Your instructions. Return, from the listing that follows, each line containing the word "Photo".

Material for the task.
==========
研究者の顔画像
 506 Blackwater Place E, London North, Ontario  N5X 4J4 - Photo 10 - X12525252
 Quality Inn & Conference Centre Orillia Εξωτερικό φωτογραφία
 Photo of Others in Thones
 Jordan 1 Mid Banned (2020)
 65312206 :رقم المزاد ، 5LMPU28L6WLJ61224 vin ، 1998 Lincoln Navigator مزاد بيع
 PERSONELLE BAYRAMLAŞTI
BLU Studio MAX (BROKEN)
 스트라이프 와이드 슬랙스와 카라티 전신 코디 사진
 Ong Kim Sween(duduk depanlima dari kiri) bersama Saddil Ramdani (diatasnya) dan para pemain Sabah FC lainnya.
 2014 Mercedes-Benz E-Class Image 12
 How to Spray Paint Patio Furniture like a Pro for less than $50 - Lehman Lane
==========
Output for this exercise.
 506 Blackwater Place E, London North, Ontario  N5X 4J4 - Photo 10 - X12525252
 Photo of Others in Thones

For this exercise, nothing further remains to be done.